# Your goal
Your copy should hold only the lines from the one with "Dandelion Wolfberry Tea, Natural" to the one with "Sakai Takayuki VG10", both included, each exactly as it stands below, with no pictures.

# Source data

/---

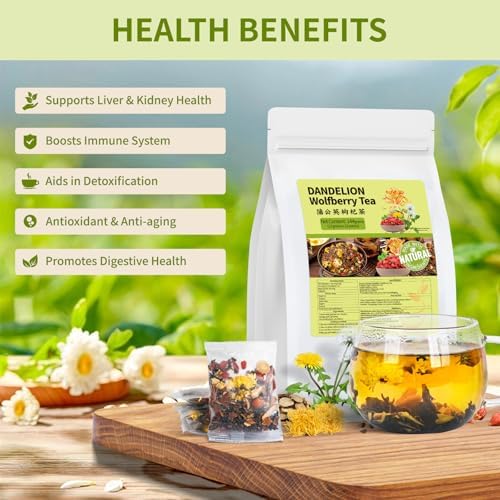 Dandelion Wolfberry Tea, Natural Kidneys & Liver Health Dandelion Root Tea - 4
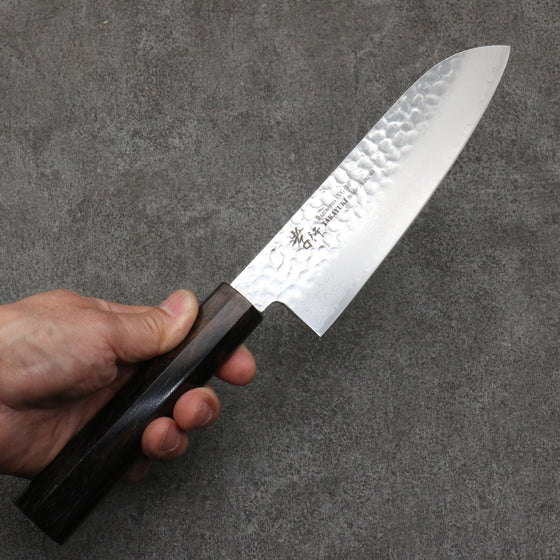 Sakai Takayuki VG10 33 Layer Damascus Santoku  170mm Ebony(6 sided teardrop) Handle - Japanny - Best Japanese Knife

\---
/---

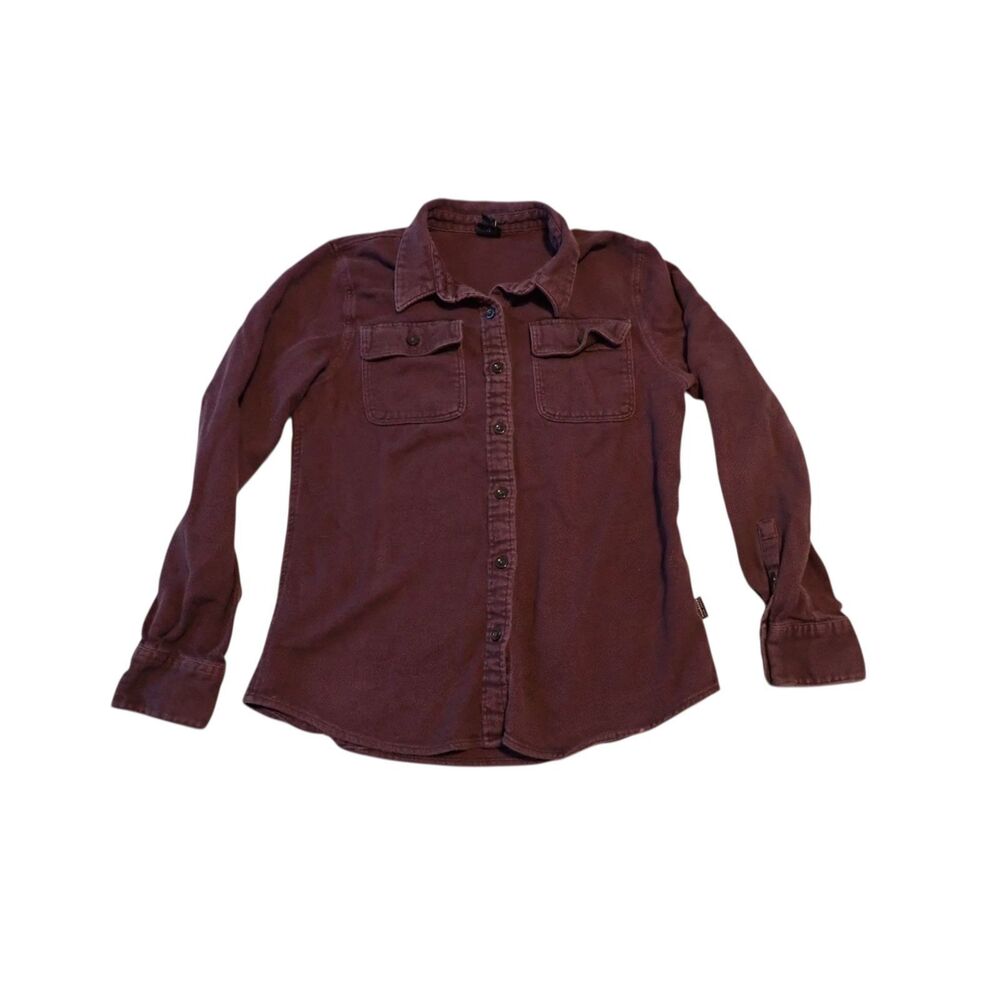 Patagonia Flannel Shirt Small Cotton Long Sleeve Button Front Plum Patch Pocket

\---

# Your response
 Dandelion Wolfberry Tea, Natural Kidneys & Liver Health Dandelion Root Tea - 4
 Sakai Takayuki VG10 33 Layer Damascus Santoku  170mm Ebony(6 sided teardrop) Handle - Japanny - Best Japanese Knife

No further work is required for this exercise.